Directions:
Give again, word for word, every line below from the one that has "Red, 2007, Honda" through the one that has "Sailing Nafplio |", both included, and no others.

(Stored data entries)

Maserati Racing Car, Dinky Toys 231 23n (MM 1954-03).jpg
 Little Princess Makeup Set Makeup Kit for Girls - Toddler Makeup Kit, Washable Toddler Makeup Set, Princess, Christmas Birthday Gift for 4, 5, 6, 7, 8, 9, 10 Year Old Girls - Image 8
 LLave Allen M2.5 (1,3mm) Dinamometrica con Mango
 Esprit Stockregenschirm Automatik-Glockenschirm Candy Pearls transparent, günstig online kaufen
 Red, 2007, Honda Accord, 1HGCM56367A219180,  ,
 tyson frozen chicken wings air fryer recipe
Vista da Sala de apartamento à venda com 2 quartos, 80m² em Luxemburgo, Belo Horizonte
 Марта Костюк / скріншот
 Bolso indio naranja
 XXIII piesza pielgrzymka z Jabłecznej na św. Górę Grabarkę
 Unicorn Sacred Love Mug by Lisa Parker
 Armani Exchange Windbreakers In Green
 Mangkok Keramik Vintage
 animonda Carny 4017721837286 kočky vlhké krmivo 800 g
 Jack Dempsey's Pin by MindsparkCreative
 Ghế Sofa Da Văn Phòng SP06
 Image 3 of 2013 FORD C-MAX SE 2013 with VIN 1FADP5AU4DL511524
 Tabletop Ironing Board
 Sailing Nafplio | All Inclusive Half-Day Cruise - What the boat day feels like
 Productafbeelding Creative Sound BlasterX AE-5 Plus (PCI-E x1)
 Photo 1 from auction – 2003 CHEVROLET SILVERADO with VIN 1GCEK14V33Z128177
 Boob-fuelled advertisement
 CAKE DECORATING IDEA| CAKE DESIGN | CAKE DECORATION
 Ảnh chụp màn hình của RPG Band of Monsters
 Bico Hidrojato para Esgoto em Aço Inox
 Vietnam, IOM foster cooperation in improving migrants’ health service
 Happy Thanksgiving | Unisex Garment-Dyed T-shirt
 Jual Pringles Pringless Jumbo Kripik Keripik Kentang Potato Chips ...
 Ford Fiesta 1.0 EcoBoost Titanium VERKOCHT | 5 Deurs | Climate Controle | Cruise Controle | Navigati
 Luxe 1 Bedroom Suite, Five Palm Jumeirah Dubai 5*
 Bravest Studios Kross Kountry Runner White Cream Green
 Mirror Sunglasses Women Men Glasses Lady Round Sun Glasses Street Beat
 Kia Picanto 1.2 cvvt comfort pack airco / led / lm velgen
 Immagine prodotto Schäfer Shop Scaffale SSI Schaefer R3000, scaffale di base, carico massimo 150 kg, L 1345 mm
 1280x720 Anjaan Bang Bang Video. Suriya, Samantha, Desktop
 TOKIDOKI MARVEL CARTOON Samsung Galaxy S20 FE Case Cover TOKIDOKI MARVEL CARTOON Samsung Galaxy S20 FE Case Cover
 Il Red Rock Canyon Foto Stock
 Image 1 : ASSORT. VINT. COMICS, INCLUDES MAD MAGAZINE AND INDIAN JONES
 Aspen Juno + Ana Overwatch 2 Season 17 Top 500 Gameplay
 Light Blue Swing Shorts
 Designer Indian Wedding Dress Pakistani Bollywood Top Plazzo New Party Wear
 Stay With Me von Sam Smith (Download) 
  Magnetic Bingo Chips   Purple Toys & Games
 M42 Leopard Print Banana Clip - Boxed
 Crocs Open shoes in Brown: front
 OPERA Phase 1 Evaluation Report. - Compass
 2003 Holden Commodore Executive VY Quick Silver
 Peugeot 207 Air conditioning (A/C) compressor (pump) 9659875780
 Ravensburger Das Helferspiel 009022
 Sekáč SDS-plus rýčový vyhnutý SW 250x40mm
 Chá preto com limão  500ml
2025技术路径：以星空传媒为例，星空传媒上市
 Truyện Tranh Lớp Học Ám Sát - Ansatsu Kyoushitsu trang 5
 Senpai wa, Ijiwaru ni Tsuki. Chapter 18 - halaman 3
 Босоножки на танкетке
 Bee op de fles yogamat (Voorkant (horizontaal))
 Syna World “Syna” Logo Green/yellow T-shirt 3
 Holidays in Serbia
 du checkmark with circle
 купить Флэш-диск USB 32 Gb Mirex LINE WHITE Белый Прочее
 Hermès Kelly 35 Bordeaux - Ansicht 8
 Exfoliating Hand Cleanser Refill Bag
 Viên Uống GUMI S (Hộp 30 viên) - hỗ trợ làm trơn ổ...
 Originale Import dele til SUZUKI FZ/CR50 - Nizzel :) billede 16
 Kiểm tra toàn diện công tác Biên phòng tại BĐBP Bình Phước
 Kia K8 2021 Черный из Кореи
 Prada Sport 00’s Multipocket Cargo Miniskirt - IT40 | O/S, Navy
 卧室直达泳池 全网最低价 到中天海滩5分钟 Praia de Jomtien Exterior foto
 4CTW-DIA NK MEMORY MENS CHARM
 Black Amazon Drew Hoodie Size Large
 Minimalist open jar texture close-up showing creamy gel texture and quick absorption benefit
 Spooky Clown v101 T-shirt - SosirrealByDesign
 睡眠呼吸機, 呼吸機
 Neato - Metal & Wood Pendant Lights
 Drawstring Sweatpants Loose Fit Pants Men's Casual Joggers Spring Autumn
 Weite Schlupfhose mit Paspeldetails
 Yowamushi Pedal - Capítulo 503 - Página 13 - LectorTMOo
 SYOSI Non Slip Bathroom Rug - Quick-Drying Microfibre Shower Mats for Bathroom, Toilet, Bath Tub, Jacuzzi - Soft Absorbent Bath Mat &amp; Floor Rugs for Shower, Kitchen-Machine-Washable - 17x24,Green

Your solution:
 Red, 2007, Honda Accord, 1HGCM56367A219180,  ,
 tyson frozen chicken wings air fryer recipe
Vista da Sala de apartamento à venda com 2 quartos, 80m² em Luxemburgo, Belo Horizonte
 Марта Костюк / скріншот
 Bolso indio naranja
 XXIII piesza pielgrzymka z Jabłecznej na św. Górę Grabarkę
 Unicorn Sacred Love Mug by Lisa Parker
 Armani Exchange Windbreakers In Green
 Mangkok Keramik Vintage
 animonda Carny 4017721837286 kočky vlhké krmivo 800 g
 Jack Dempsey's Pin by MindsparkCreative
 Ghế Sofa Da Văn Phòng SP06
 Image 3 of 2013 FORD C-MAX SE 2013 with VIN 1FADP5AU4DL511524
 Tabletop Ironing Board
 Sailing Nafplio | All Inclusive Half-Day Cruise - What the boat day feels like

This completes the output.